→ **YOUR OBJECTIVE**
Reproduce the listing word for word. Skip any image.

→ **DATA SECTION**
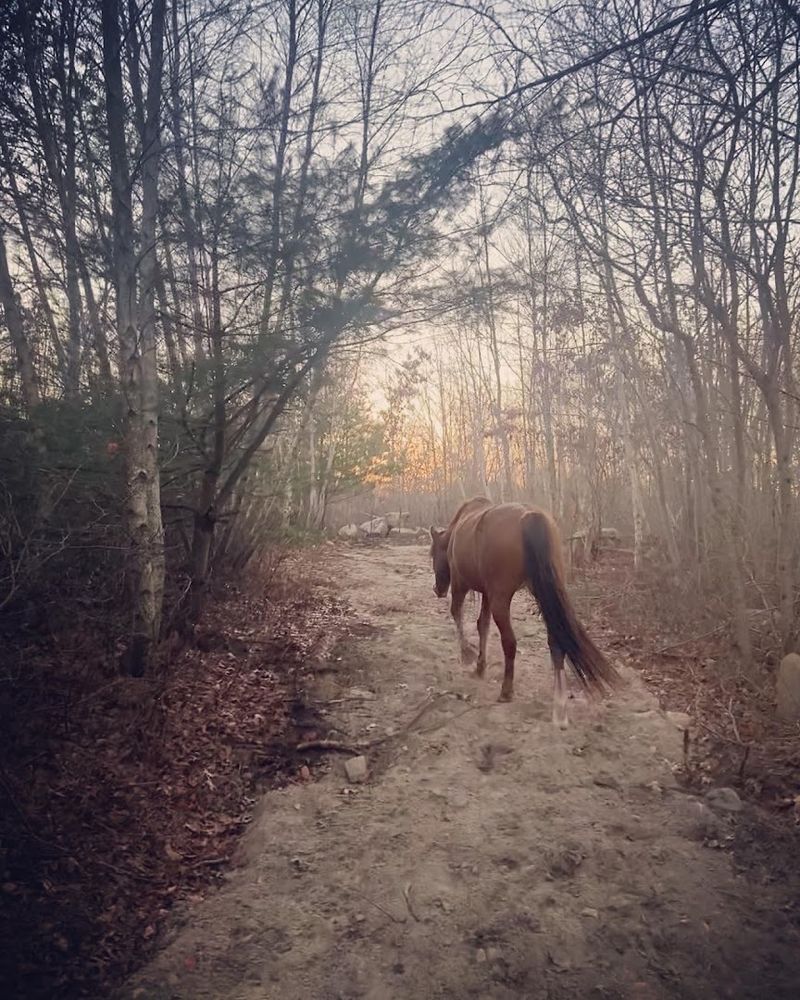 Mustangs Across Wooded Acres
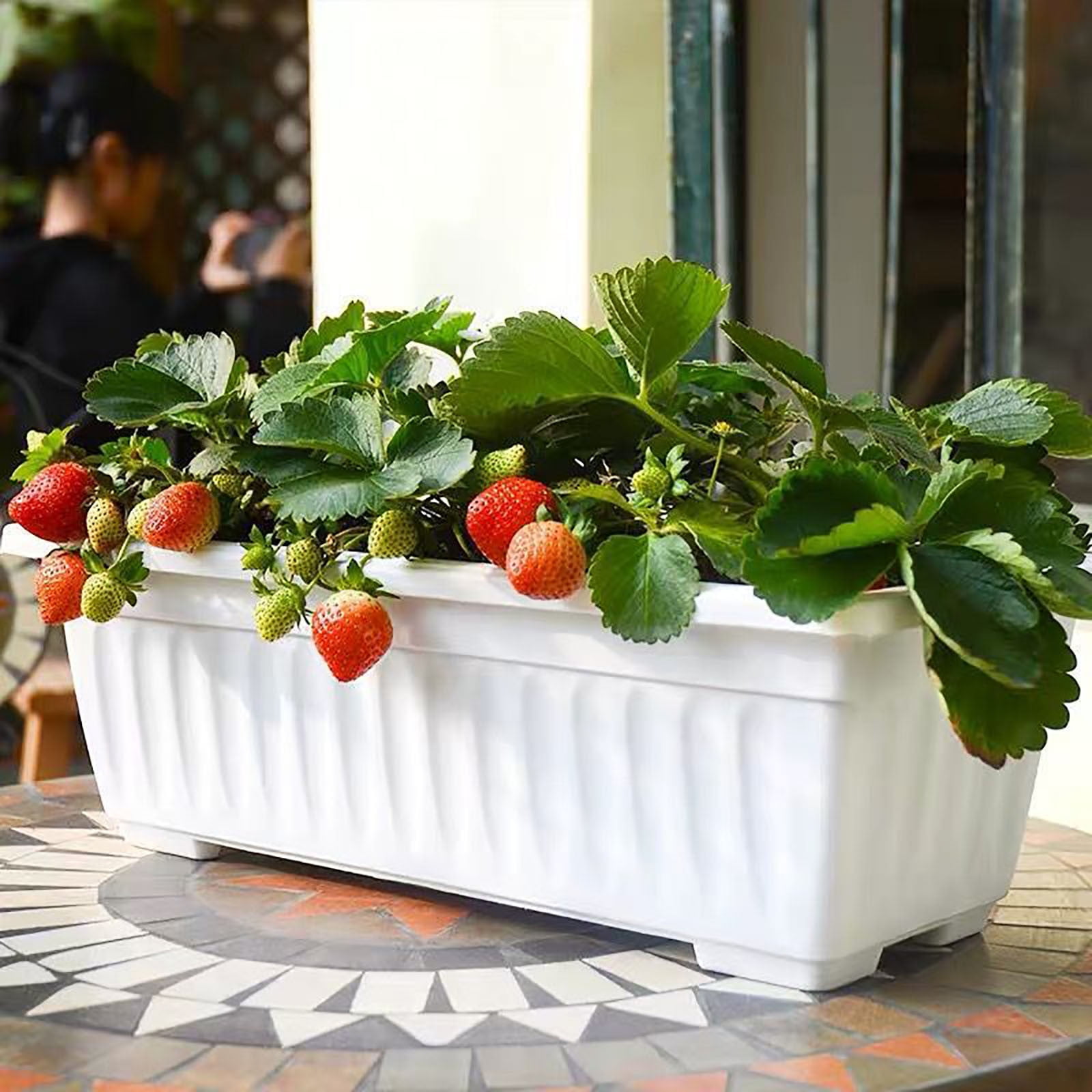 Extra Large Window Box Planter - 17 Inch Rectangular Vegetable & Flower Pot with Tray - Indoor/Outdoor Planters for Balcony, Patio, Windowsill Gardening & Home Decor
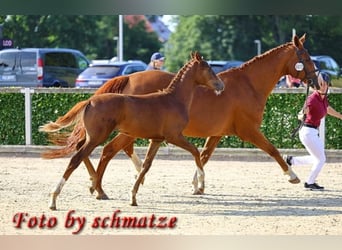 Deutsches Sportpferd, Stute, 1 Jahr, 174 cm, Fuchs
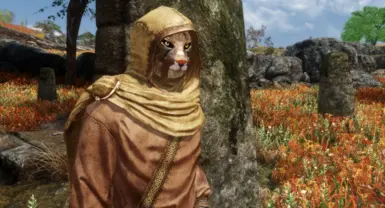 PATCH - High Poly Skyrim M'aiq Replacer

→ **TASK RESULT**
 Mustangs Across Wooded Acres
 Extra Large Window Box Planter - 17 Inch Rectangular Vegetable & Flower Pot with Tray - Indoor/Outdoor Planters for Balcony, Patio, Windowsill Gardening & Home Decor
 Deutsches Sportpferd, Stute, 1 Jahr, 174 cm, Fuchs
 PATCH - High Poly Skyrim M'aiq Replacer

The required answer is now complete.